Since taking up his position in March, Black has rapidly gained a reputation in Tasmania for big-picture, strategic thinking. At the time of his appointment, former Tasmanian premier and University chancellor Michael Field AC described him as “an extraordinary individual” who stood out in a strong international field of candidates for demonstrating “a rare mix of high intellect, academic standing and commercial experience that we feel will be necessary to lead a period of cultural transformation here”.
The fact Black knew and loved Tasmania as a frequent visitor with his wife and two teenage children didn’t hurt either, Field said.
The family visited Bruny Island when their children were young “and completely fell in love with it”, says Black. “At the end of our week-long holiday, we did the most impulsive and best thing we ever did in our lives.”
They bought a block of land and built a shack on it, and they’ve retreated to it just about every school holiday and long weekend for the past seven years. His children, he says, loved Tasmania so much and considered it so much their true home that they were planning to come down to UTAS after high school and make lives for themselves in Tasmania. “So they were thrilled when we could do it a bit sooner,” he says.
Central to the vision that won Black his new job is his understanding of the university’s role in creating a more prosperous future for the state.
For him, the University of Tasmania is the antithesis of an ivory tower. It is a central part of the community and an economic driver with the ability to catalyse dynamic growth. And he has a clear sense of its role over the next decade in shifting Tasmania’s course to ward off some of the strain as we head into a period of enormous demographic challenge.

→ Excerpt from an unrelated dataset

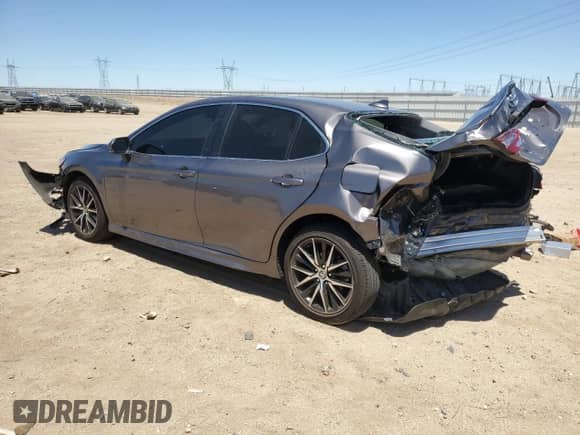 2023 Toyota Camry SE z VIN 4T1G11AK9PU155758, wystawiony jako Copart lot #42059185 z przebiegiem 18 622 mil mil oraz Czysty tytuł • Clean title. Historia ofert i sprzedaży dostępna na DreamBid. Obrazek 2.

On that front, he is keen to foster a sense of greater urgency to achieve deeper reforms “before it’s too late”.
But can we think our way out of the dire predicament he describes? Yes, he suggests. Becoming a clever state is the way forward.
“I think we should become a knowledge state where applying good thinking – practical, problem-solving type thinking to what’s in front of us – is really important to what we do,” he says.
“We have a window of a decade ahead of us where the demographics run in the favour of the state, where we continue to have natural population growth, can expect continued interstate migration as the economy stays strong and [rely on] foreign students coming as a continued source of international migration.
“A decade out, Tasmania starts to go into negative natural population growth – with older people dying and fewer children being born – and that starts to put significant downward pressure on the size of the population. We start to get a rapidly ageing population.
“For any society, demographics is destiny in lots of ways. We have a decade to put ourselves on a different trajectory that would see both the ability to continue to attract people to the island, given that the natural population will be shrinking, but also to make sure that those who are here have a level of prosperity that will support that changing demographic. We can sustain the base but only by doing significant work on the school leaver question.”
Education is the crucial factor because it dramatically affects an individual’s and a society’s prospects.
“Creating a higher skill base creates a more productive population,” he says. “So the better job we do [at UTAS] at creating a more skilled and educated population, that will significantly increase productivity on the island.”